Low and middle income tax offset

This will be extended to 2021-2022 providing a reduction in tax of up to $1,080 to low and middle income earners.

Superannuation

Federal Budget - Superannuation

Removing the work test

This is actually a significant change. Individuals aged 67 to 74 years will be able to make non-concessional super contributions, or salary sacrifice super contributions without meeting the work test.

However, in order to make personal deductible contributions, you will still need to meet the work test.

Downsizer contributions

The charges announced in the Budget from that article include reducing the eligibility age for 65 to 60 years of age. This scheme allows a one-off contribution of $300,000 per person from the proceeds of the sale of their home.

To learn more about downsizer contributions and how it can work for you check out my blog here.

SMSF residency restrictions

From 1 July 2022, the Government will extend the central control test from 2 years to 5 years and remove the active member test.

Super guarantee threshold

The $450 per month minimum income threshold under which employers are not required to make a super contribution for employees will be removed 1 July 2022.

First Home Buyer Scheme (FHBS)

From 1 July 2022, the Government will increase the amount of voluntary contributions to $50,000 which may be released for the purchase of a first home.

Family Support

Family Home Guarantee

The Government has introduced the Family Home Guarantee to support single parents with dependants buying a home.
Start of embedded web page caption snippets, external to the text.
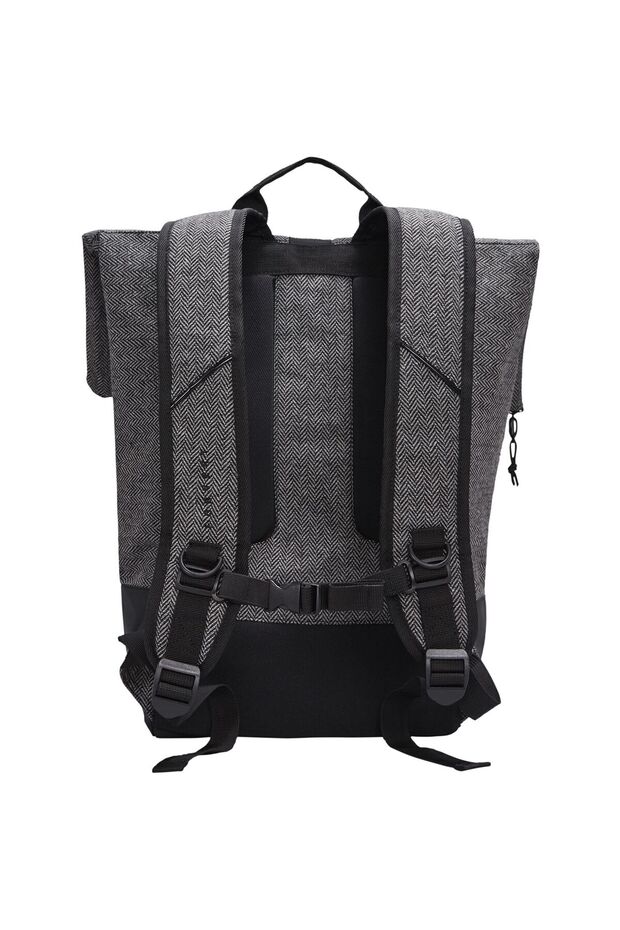 Rucksack 46 cm - 3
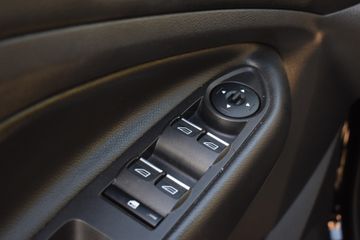 Voertuigafbeelding 23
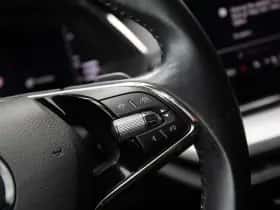 Škoda Octavia (2020) thumbnail 26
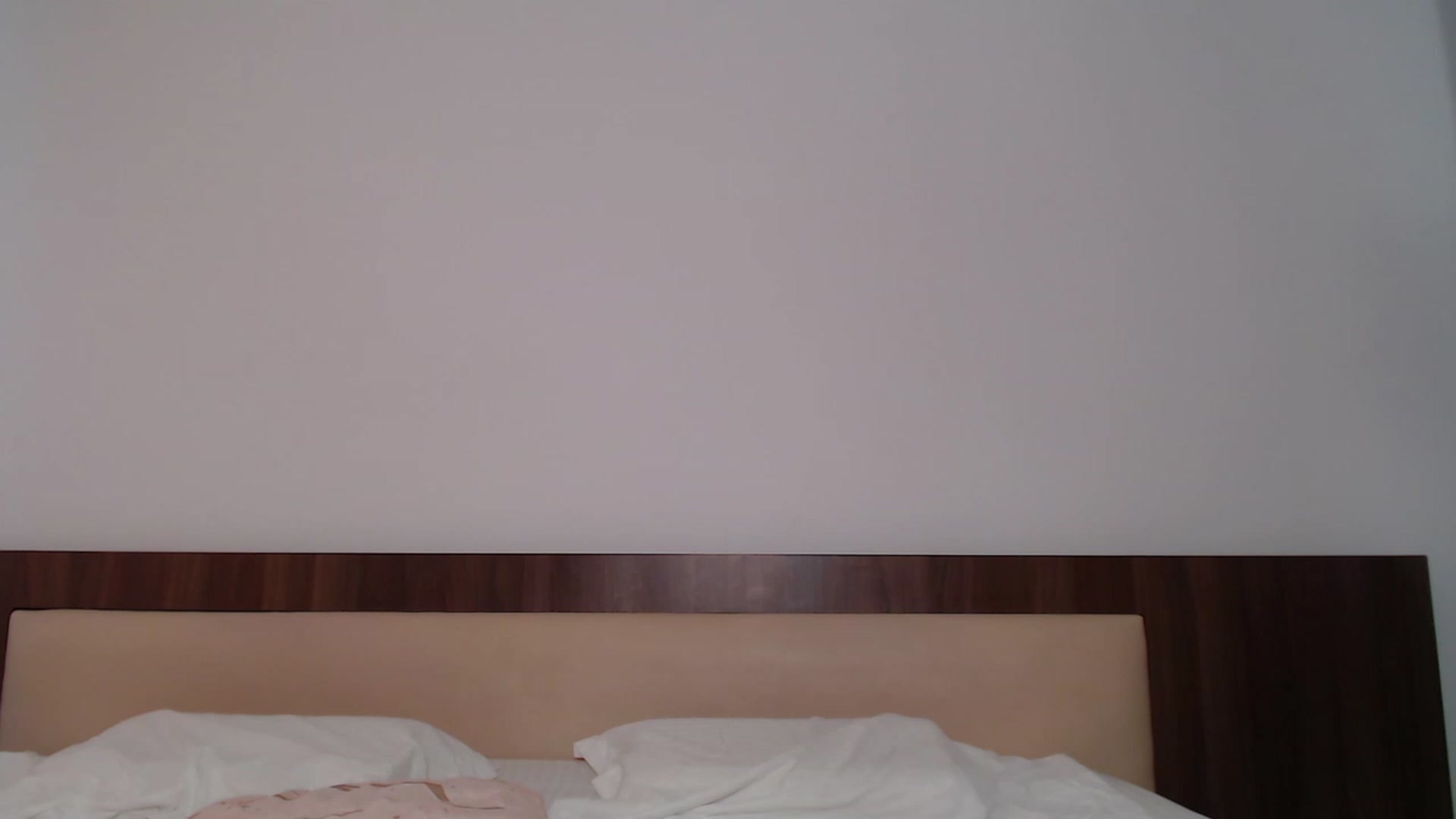 Gallery image thumbnail from AngelaFaye's myfreecams stream on, 03/11/2024, 11:06 image 6 of 20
This is regardless of whether they are a first home buyer or a previous owner-occupier. From 1 July 2021, 10,000 guarantees will be made available over four years to eligible single parents with a deposit of as little as 2%, subject to an individual’s ability to service a loan.

The Government is also providing a further 10,000 places under the New Home Guarantee in 2021/22. This is specifically for first home buyers seeking to build a new home or purchase a newly built home with a deposit of as little as 5%.

Increasing childcare subsidy (CCS)

To ease the cost of childcare and encourage a return to the workforce, from 1 July 2022 the Government proposes to provide a higher level of CCS to families with more than one child under age 6 in childcare. The level of subsidy will increase by an extra 30% to a maximum subsidy of 95% for the second and subsequent children. For example, currently a family may receive a 50% subsidy on childcare costs for each child if family income is between $174,390 and $253,680. Under the proposal, the family would receive a CCS of 50% of costs for their first child and 80% for their second and subsequent children. The annual CCS cap of $10,560 for families earning between $189,390 and $353,660 will also be removed.

Social Security

Pension Loan Scheme

The Government has announced added flexibility by allowing up to two lump sum advances in any 12 month period up to 50% of the annual pension.

The Government will also not claim back any more than the sale price of the house used to guarantee the payment.

Aged Care

The Government has announced a $17.7b investment in aged care reform over the next 5 years which will cover:

  • Additional Home Care Packages
  • Greater access to respite care services
  • A new funding model for residential aged care
  • A new Refundable Accommodation Deposit (RAD) support loan program.

Business Support

COVID Package

The Government will extend until 30 June 2023 the instant write-off of depreciable assets as well as the ability for qualifying companies to claim back tax paid in prior years from 2018-2019 where tax losses occur until the end of the 2022-2023 financial year.